INFORMATION GIVEN:

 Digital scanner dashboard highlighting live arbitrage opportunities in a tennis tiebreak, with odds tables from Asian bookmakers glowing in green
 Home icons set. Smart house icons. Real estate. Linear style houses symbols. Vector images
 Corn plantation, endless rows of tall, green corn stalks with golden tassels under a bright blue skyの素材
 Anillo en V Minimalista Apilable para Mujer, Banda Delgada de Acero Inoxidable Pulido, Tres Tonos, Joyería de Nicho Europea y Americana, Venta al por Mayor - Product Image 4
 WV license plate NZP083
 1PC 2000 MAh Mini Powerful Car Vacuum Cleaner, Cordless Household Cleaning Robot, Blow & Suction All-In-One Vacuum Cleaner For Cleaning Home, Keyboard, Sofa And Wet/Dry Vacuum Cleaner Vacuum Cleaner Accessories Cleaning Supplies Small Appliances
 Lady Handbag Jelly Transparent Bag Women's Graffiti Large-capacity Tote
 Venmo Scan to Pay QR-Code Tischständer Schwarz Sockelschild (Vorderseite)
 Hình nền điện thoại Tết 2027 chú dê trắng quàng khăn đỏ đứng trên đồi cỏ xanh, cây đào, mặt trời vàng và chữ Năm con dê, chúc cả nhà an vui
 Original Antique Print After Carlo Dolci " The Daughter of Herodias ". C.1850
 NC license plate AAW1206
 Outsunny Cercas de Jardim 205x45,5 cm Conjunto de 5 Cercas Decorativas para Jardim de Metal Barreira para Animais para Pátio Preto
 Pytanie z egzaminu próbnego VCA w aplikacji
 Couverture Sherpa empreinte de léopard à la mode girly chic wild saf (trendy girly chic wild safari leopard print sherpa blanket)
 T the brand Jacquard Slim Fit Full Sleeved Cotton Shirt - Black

INSTRUCTIONS TO FOLLOW: All lines above are to be transcribed exactly.

TASK ANSWER:
 Digital scanner dashboard highlighting live arbitrage opportunities in a tennis tiebreak, with odds tables from Asian bookmakers glowing in green
 Home icons set. Smart house icons. Real estate. Linear style houses symbols. Vector images
 Corn plantation, endless rows of tall, green corn stalks with golden tassels under a bright blue skyの素材
 Anillo en V Minimalista Apilable para Mujer, Banda Delgada de Acero Inoxidable Pulido, Tres Tonos, Joyería de Nicho Europea y Americana, Venta al por Mayor - Product Image 4
 WV license plate NZP083
 1PC 2000 MAh Mini Powerful Car Vacuum Cleaner, Cordless Household Cleaning Robot, Blow & Suction All-In-One Vacuum Cleaner For Cleaning Home, Keyboard, Sofa And Wet/Dry Vacuum Cleaner Vacuum Cleaner Accessories Cleaning Supplies Small Appliances
 Lady Handbag Jelly Transparent Bag Women's Graffiti Large-capacity Tote
 Venmo Scan to Pay QR-Code Tischständer Schwarz Sockelschild (Vorderseite)
 Hình nền điện thoại Tết 2027 chú dê trắng quàng khăn đỏ đứng trên đồi cỏ xanh, cây đào, mặt trời vàng và chữ Năm con dê, chúc cả nhà an vui
 Original Antique Print After Carlo Dolci " The Daughter of Herodias ". C.1850
 NC license plate AAW1206
 Outsunny Cercas de Jardim 205x45,5 cm Conjunto de 5 Cercas Decorativas para Jardim de Metal Barreira para Animais para Pátio Preto
 Pytanie z egzaminu próbnego VCA w aplikacji
 Couverture Sherpa empreinte de léopard à la mode girly chic wild saf (trendy girly chic wild safari leopard print sherpa blanket)
 T the brand Jacquard Slim Fit Full Sleeved Cotton Shirt - Black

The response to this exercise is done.